• Problem
Reproduce the entries word for word, and omit any picture you find in them.

◇ ◇ ◇

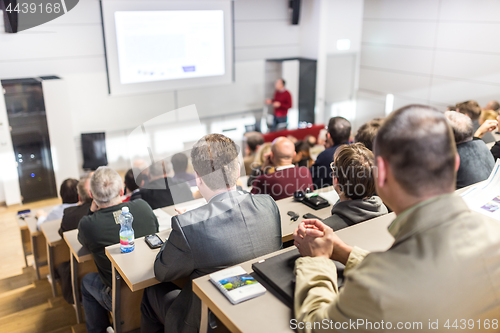 Image of Business speaker giving a talk at business conference event.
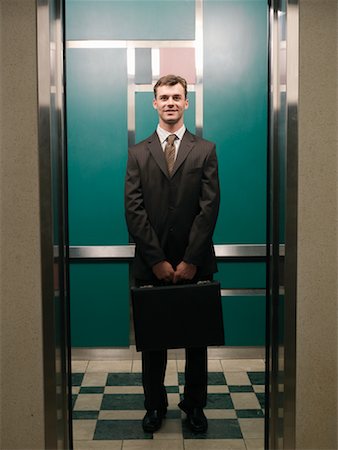 smiling businessman in elevator - Businessman in Elevator Stock Photo - Premium Royalty-Free, Code: 600-01124213
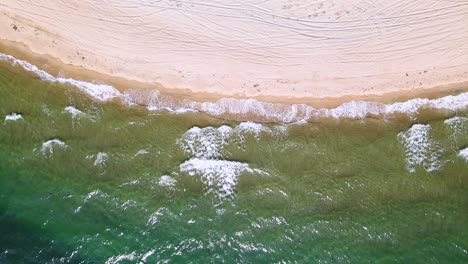 Slow-motion-overhead-drone-clip-over-a-beatiful-beach-with-crystal-waters-and-waves-crushing-on-the-ground-in-Keramoti,-Kavala,Northern-Greece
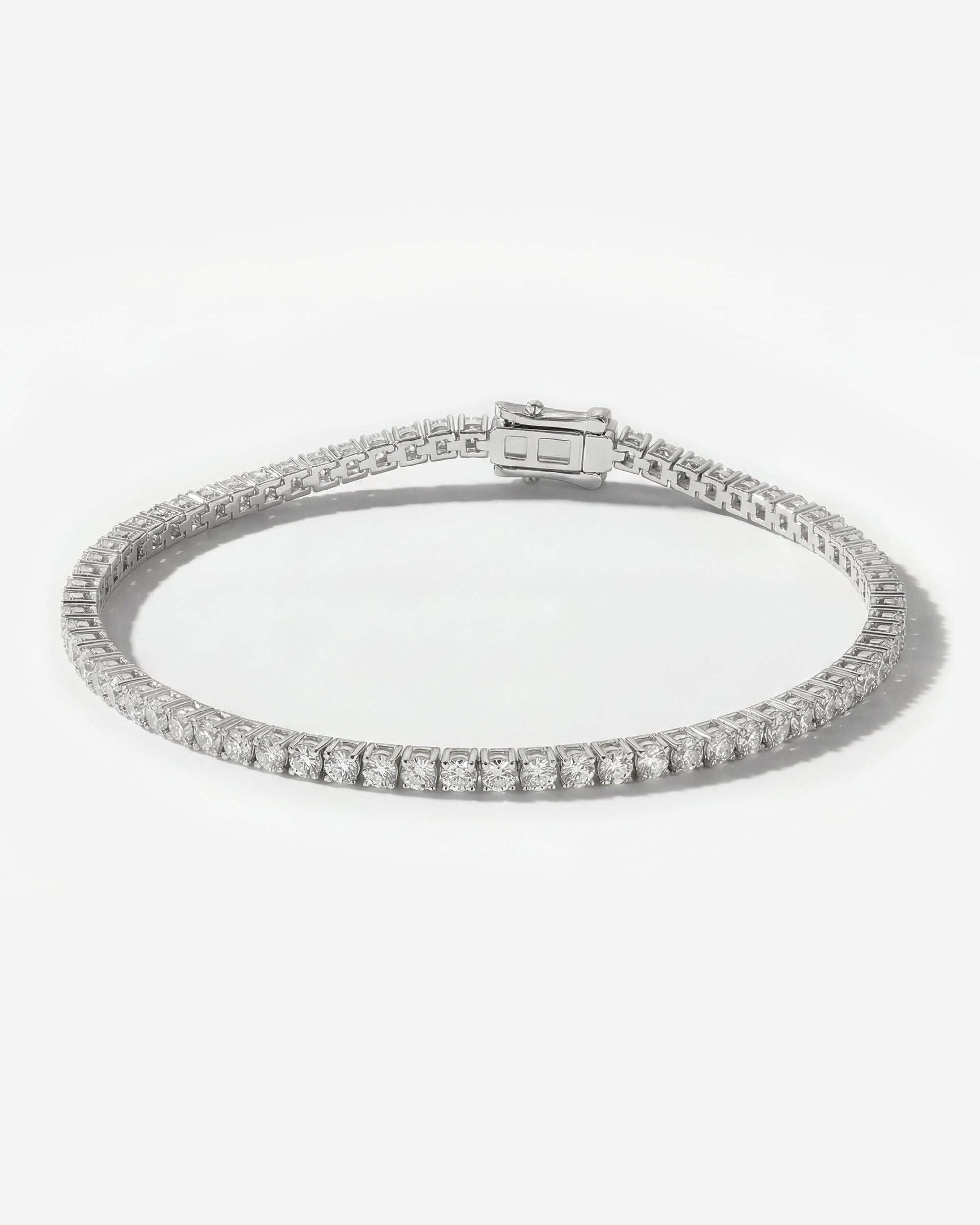 DIAMOND TENNIS BRACELET (BASKET SET IN WHITE GOLD)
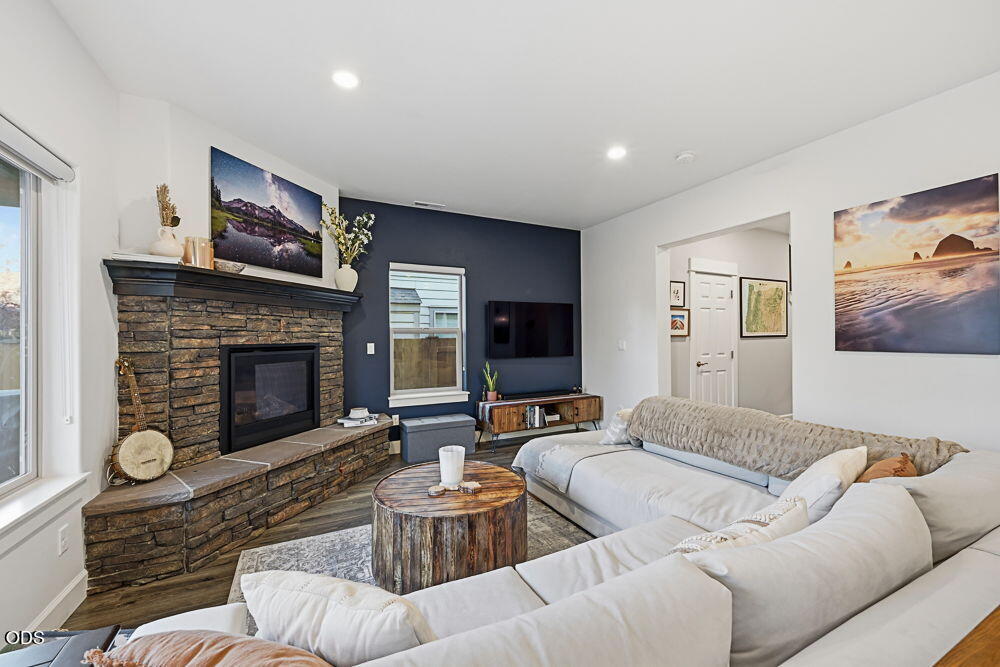 Living room with a stone fireplace, dark blue accent wall, and large white sectional sofa.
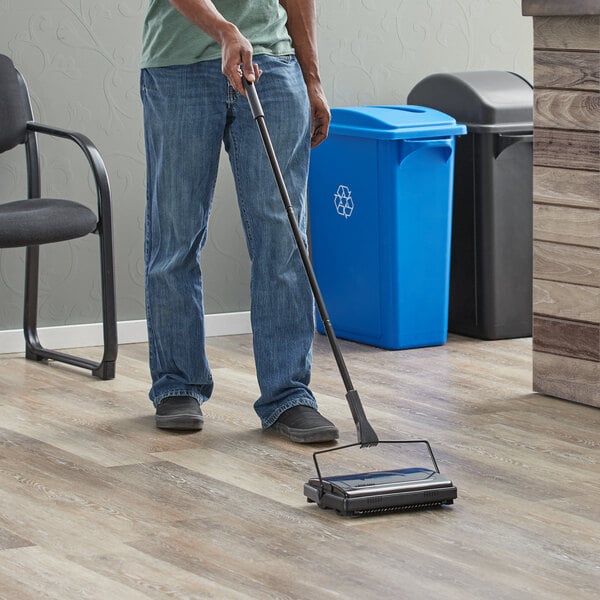 A man using a Lavex triple brush floor sweeper to clean the floor in a professional kitchen.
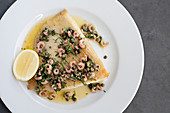 Skate wing with freshwater prawns, brownbutter, capers and a lemon wedge
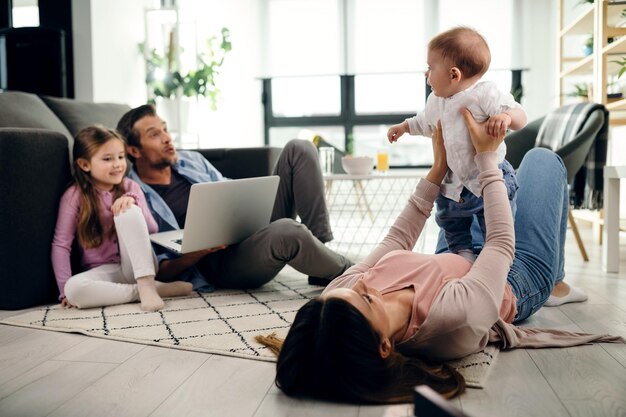 Verspielte Mutter, die ihren kleinen Sohn hält, während sie im Wohnzimmer auf dem Boden liegt Vater und Tochter benutzen Laptop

◇ ◇ ◇

• Response
 Image of Business speaker giving a talk at business conference event.
 smiling businessman in elevator - Businessman in Elevator Stock Photo - Premium Royalty-Free, Code: 600-01124213
 Slow-motion-overhead-drone-clip-over-a-beatiful-beach-with-crystal-waters-and-waves-crushing-on-the-ground-in-Keramoti,-Kavala,Northern-Greece
 DIAMOND TENNIS BRACELET (BASKET SET IN WHITE GOLD)
 Living room with a stone fireplace, dark blue accent wall, and large white sectional sofa.
 A man using a Lavex triple brush floor sweeper to clean the floor in a professional kitchen.
 Skate wing with freshwater prawns, brownbutter, capers and a lemon wedge
 Verspielte Mutter, die ihren kleinen Sohn hält, während sie im Wohnzimmer auf dem Boden liegt Vater und Tochter benutzen Laptop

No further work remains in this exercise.